5. Fans, no the sky is not Falling
Most fans are sick and tired or being sick and tired of the Same Old Lions way of life. There should never be any complaints about fans complaining about this franchise. Whether it be a freak of nature, an ill-advised draft pick or hiring or just flat out boneheaded decisions; you name it, the Lions have done it. In the minds of most the team is under the curse of Bobby Layne, who infamously cursed the team for 50 years for punishment for trading him to the Steelers. With all that being said that 1957 season was the last time the franchise saw a championship. Fifty-Eight years is a long time to drive a team into the ground and surely firing everyone this year won’t begin to repair all the damage done, but it’ll make you feel good, or at least you think it will. Imagine having a new owner, President, GM, Head Coach and Quarterback; with so many new moving parts fans would have no idea what to expect. It would be guaranteed at the first sign of struggle the SOL gene which some fans acquired genetically would kick in and would just direct all the years of pain at the new regime. The only two ways to truly show your true displeasure with the team is to:
1- Truly Become Lions-Free
The only way to truly become Lions free is to become numb to everything they do, good bad or indifferent. The joy, pain or turmoil created by weekly results will drive you closer to the source of the problem. Find a new team to follow or just become a fan of the NFL in general. Rooting for a new team, say a winning team, will at least give you the thrill of a playoff run much more frequently. As an NFL fan, you can root for players versus teams and will never be disappointed. There are certain traps by going this route, though. Last year, for instance, could suck you back into the fold and make you even more enraged than before. Also, change can invoke similar feelings of a renaissance of the franchise only to have your hopes dashed in Season 2. If you could manage to succeed at this I’m sure your overall health will improve and your disposition on life will greatly improve.
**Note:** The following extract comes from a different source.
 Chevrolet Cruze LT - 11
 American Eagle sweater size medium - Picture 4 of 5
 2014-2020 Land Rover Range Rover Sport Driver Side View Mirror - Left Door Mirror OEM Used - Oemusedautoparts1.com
2- Do not support the team Financially
This truly is the only way you truly can make a difference that affects the ownership. Going to the game with a bag on your head or a sign voicing your displeasure is like boycotting McDonald’s while eating a Big Mac. With the TV blackouts automatically lifted According to Forbes, the Lions have increased revenue almost 178% to a whopping $298,000,000 since 2006. The Lions Den is always rocking yet no one is happy. Watching the game on TV will cost you nothing, but will force ownership to either make the necessary changes or sell the team to let it be someone else’s problem. You hold the power, now the question is will you use it to inevitably make your team better or just take what they give you?
At this point we know the overall grade for the team in all facets would be an F. But just like in class when you receive your midterm grade either you are reminded to continue the good work you have already done or to change your mode of operandum to receive the grade you deserve. The second half of the season will be very interesting to watch to see if the leadership steps up and make the necessary changes, no matter how difficult they are.